▸ **Extracted entries**:
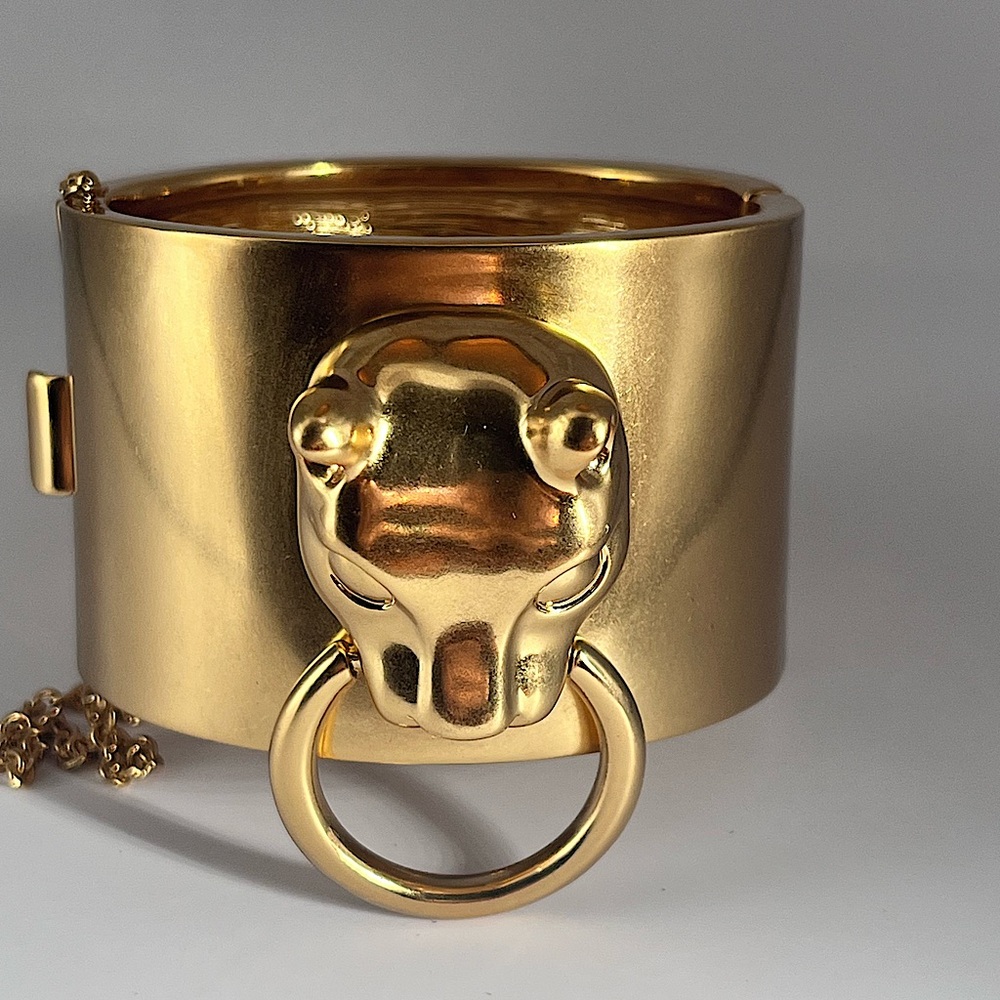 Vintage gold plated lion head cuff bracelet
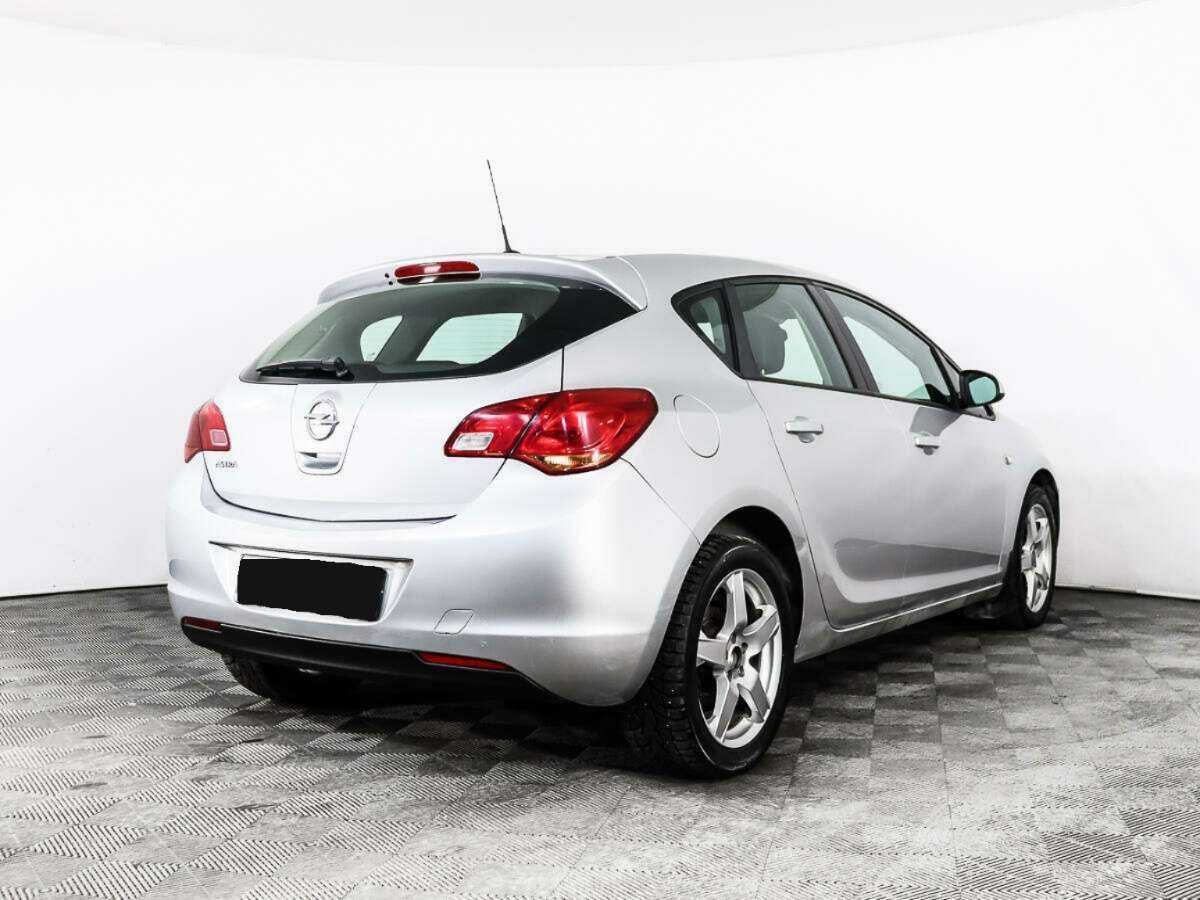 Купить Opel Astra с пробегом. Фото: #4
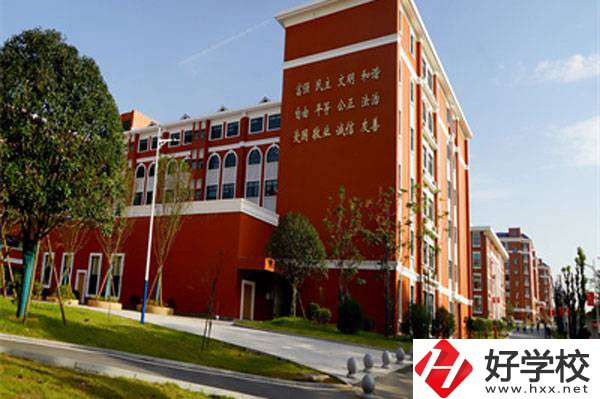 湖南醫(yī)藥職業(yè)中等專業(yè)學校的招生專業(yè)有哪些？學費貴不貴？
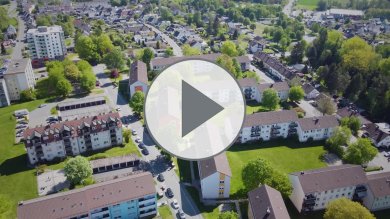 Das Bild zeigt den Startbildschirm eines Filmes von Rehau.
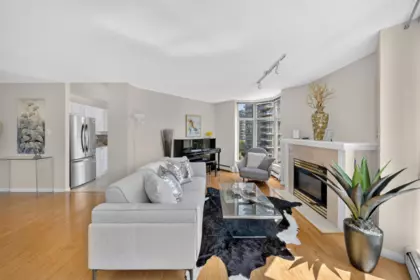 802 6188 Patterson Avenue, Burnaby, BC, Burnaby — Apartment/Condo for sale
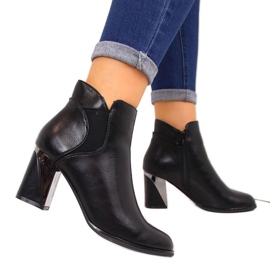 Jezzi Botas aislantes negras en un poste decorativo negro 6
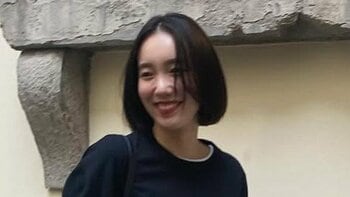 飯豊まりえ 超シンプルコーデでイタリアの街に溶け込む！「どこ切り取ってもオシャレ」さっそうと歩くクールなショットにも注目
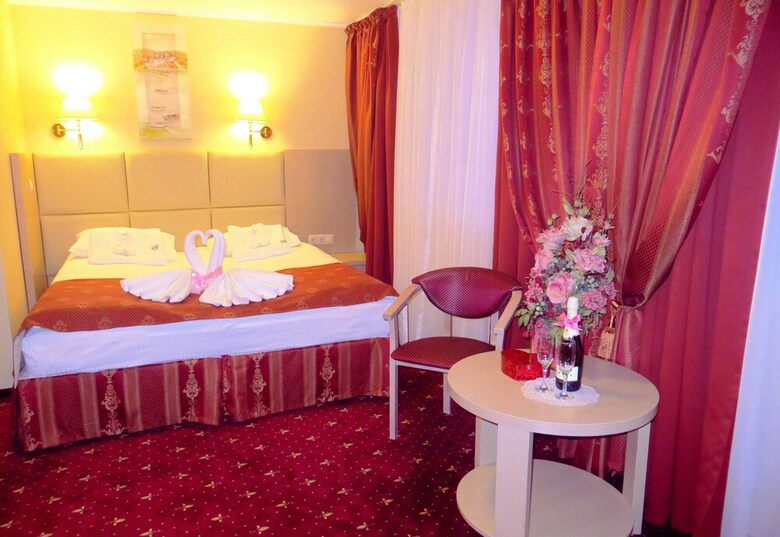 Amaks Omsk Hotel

--

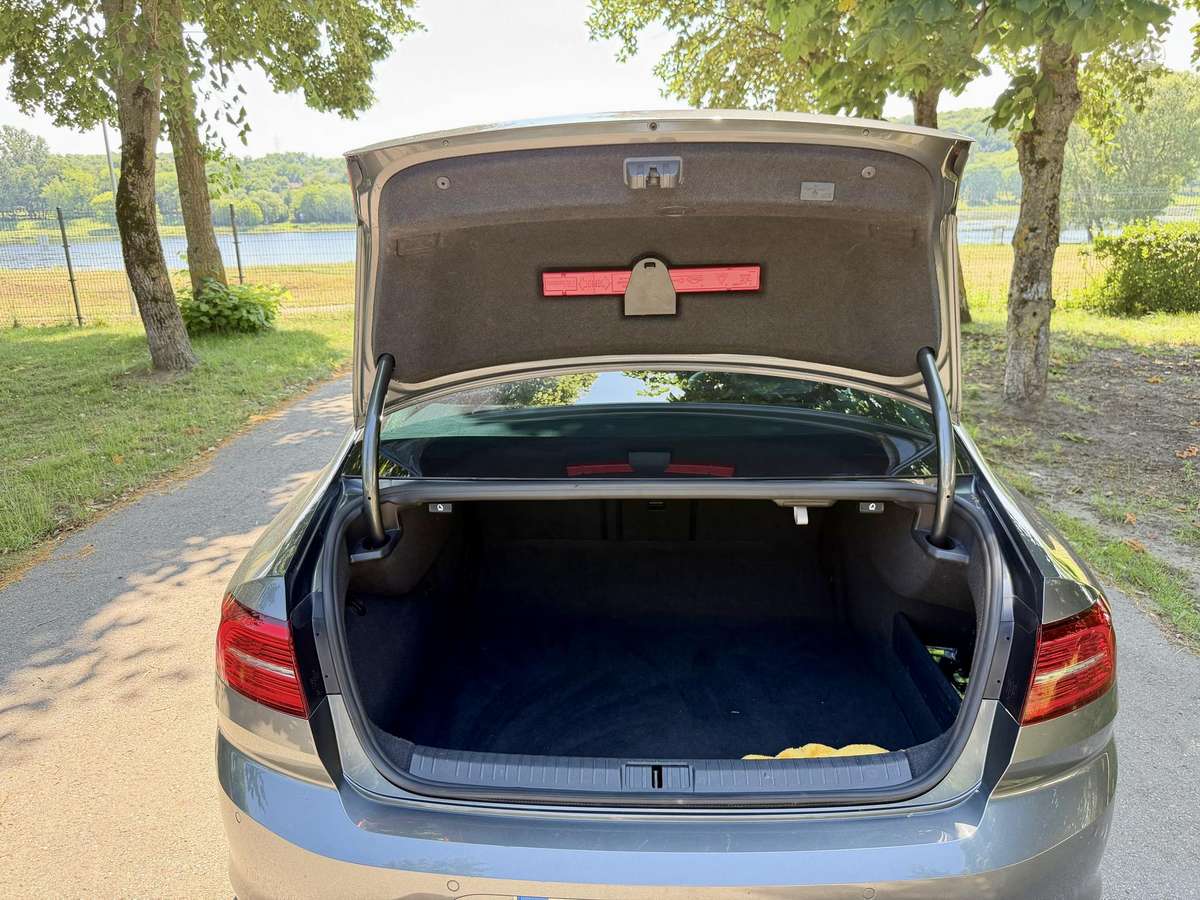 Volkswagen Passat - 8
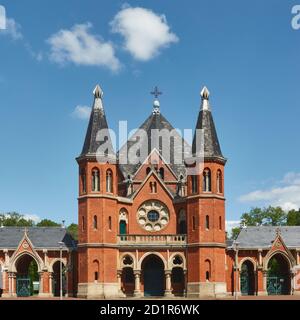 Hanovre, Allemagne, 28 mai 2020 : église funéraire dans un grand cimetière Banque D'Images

▸ **Prompt**: Everything above from the line containing "802 6188 Patterson" through the line containing "Amaks Omsk Hotel" must be repeated exactly, and the pictures must be left out.

▸ **Exercise result**:
 802 6188 Patterson Avenue, Burnaby, BC, Burnaby — Apartment/Condo for sale
 Jezzi Botas aislantes negras en un poste decorativo negro 6
 飯豊まりえ 超シンプルコーデでイタリアの街に溶け込む！「どこ切り取ってもオシャレ」さっそうと歩くクールなショットにも注目
 Amaks Omsk Hotel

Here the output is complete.